For the entries below, report every line that includes the word "Page".

Given records:
⁂

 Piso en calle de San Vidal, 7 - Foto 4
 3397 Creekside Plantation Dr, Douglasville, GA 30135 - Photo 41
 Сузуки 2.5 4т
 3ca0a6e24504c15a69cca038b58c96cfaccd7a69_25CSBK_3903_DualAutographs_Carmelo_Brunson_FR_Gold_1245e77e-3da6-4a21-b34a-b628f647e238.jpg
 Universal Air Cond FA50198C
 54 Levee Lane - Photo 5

⁂

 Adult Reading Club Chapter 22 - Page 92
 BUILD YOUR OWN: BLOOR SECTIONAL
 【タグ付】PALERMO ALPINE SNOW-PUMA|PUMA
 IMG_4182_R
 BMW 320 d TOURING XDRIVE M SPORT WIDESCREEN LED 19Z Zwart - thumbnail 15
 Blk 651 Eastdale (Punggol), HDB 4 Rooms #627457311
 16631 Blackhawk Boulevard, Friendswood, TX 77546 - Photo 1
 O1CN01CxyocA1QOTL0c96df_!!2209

⁂

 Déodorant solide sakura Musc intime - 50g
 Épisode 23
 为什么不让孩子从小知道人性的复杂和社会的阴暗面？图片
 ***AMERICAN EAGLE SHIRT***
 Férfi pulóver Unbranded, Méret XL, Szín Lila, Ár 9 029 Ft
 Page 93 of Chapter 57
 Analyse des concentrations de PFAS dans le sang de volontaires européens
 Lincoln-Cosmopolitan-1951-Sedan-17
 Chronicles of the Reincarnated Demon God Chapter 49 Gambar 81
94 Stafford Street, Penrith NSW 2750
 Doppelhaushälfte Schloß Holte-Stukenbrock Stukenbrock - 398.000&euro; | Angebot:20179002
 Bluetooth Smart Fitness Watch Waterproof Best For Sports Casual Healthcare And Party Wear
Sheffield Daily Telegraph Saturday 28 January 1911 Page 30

⁂

Answer below:
 Adult Reading Club Chapter 22 - Page 92
 Page 93 of Chapter 57
Sheffield Daily Telegraph Saturday 28 January 1911 Page 30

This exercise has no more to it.